Every line of the data below should be repeated exactly, and no picture should be copied.

Material provided section start

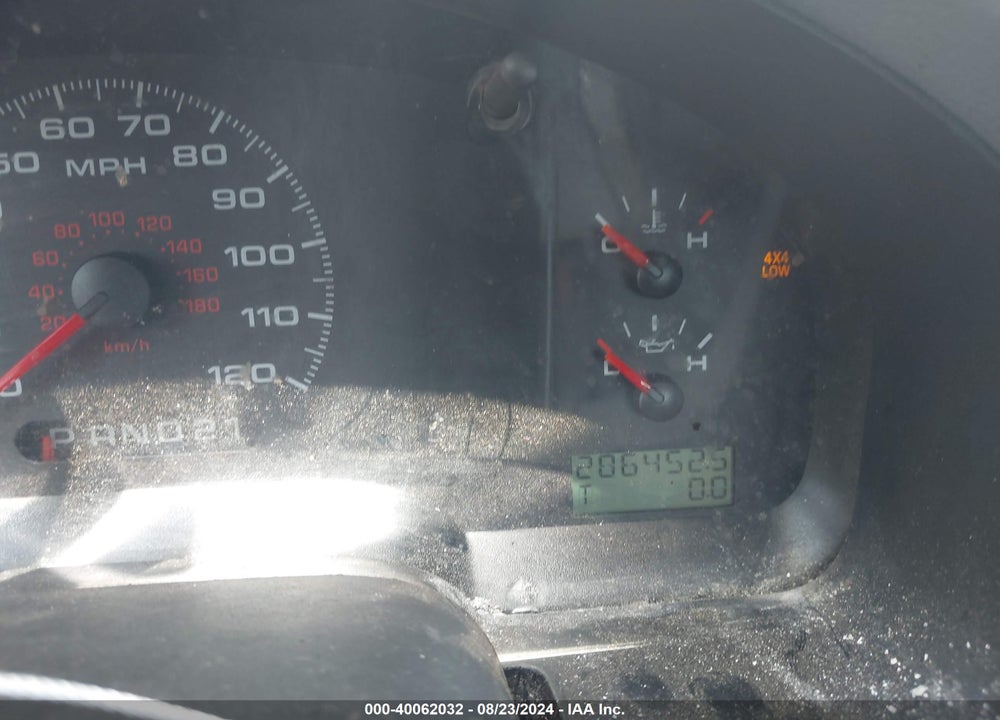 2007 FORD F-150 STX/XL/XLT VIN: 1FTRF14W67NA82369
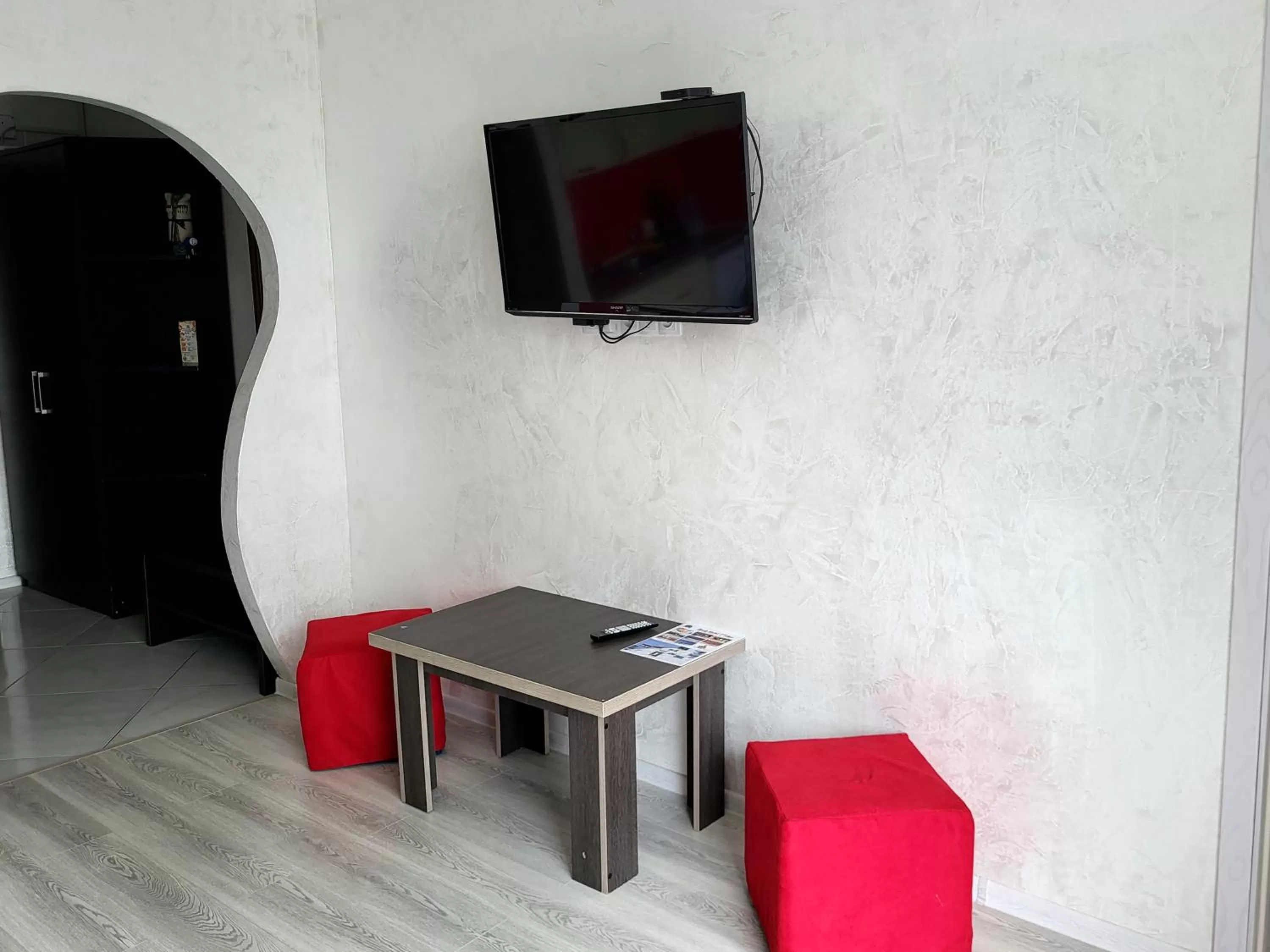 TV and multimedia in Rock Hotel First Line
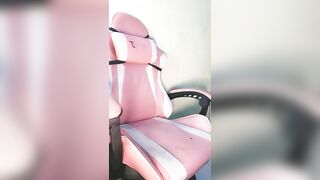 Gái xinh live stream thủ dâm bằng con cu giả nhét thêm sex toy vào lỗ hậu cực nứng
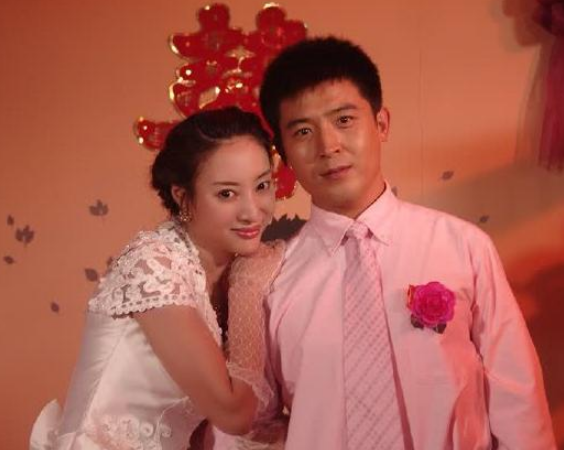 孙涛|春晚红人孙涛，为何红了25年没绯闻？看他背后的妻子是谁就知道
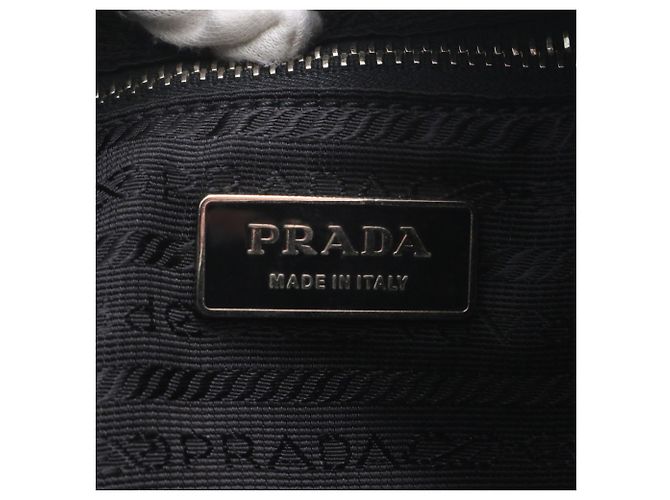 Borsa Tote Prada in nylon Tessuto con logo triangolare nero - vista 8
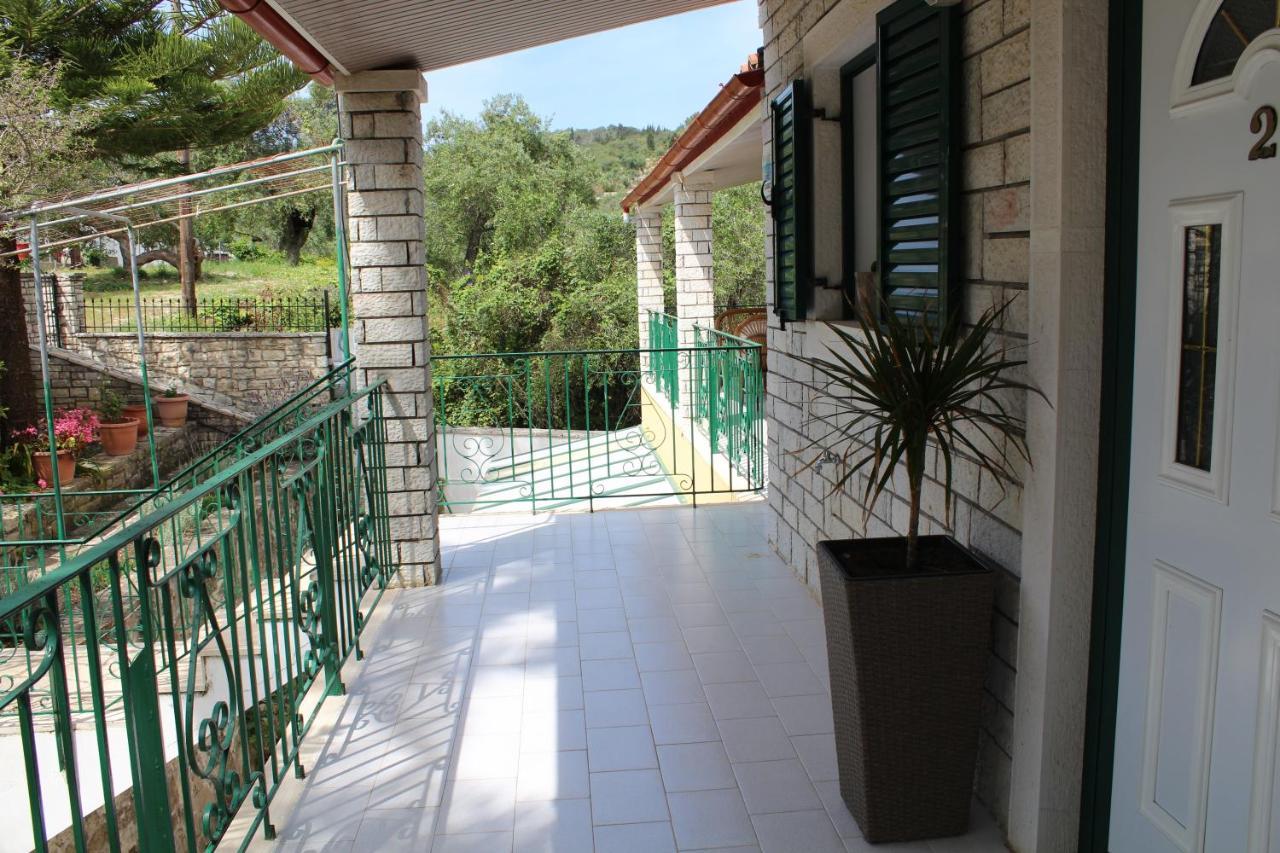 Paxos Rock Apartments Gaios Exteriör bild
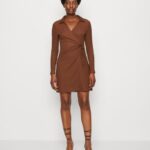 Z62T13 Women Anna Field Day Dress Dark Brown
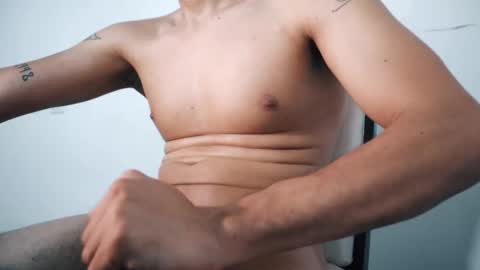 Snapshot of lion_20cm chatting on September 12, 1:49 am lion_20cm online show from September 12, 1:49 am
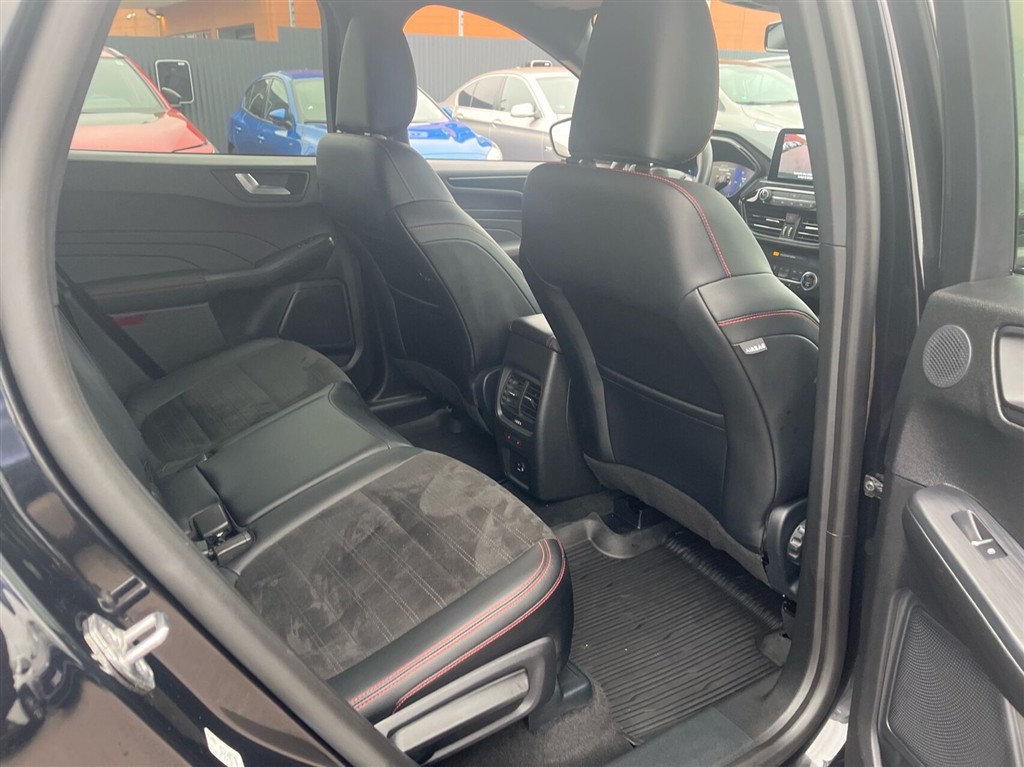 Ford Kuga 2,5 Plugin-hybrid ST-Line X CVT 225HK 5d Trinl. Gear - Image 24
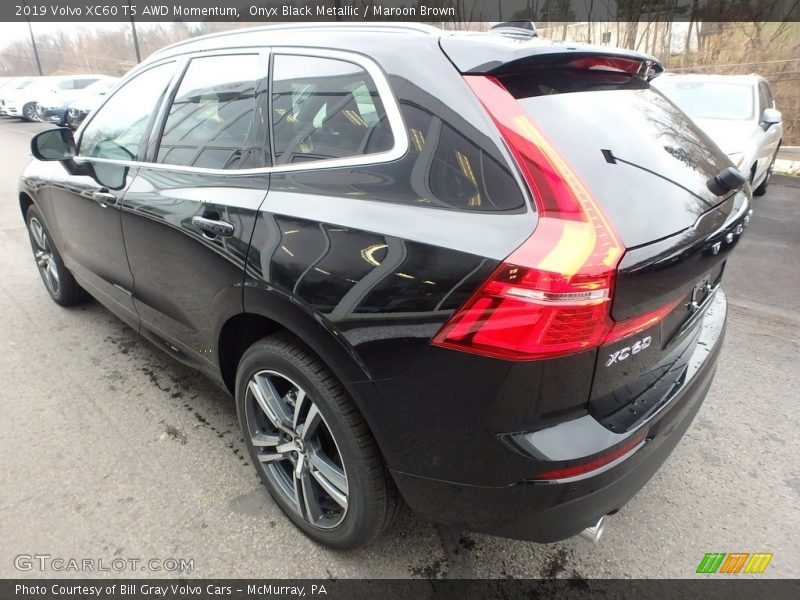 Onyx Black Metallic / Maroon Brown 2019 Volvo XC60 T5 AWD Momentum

Material provided section end

> [Response below]
 2007 FORD F-150 STX/XL/XLT VIN: 1FTRF14W67NA82369
 TV and multimedia in Rock Hotel First Line
 Gái xinh live stream thủ dâm bằng con cu giả nhét thêm sex toy vào lỗ hậu cực nứng
 孙涛|春晚红人孙涛，为何红了25年没绯闻？看他背后的妻子是谁就知道
 Borsa Tote Prada in nylon Tessuto con logo triangolare nero - vista 8
 Paxos Rock Apartments Gaios Exteriör bild
 Z62T13 Women Anna Field Day Dress Dark Brown
 Snapshot of lion_20cm chatting on September 12, 1:49 am lion_20cm online show from September 12, 1:49 am
 Ford Kuga 2,5 Plugin-hybrid ST-Line X CVT 225HK 5d Trinl. Gear - Image 24
 Onyx Black Metallic / Maroon Brown 2019 Volvo XC60 T5 AWD Momentum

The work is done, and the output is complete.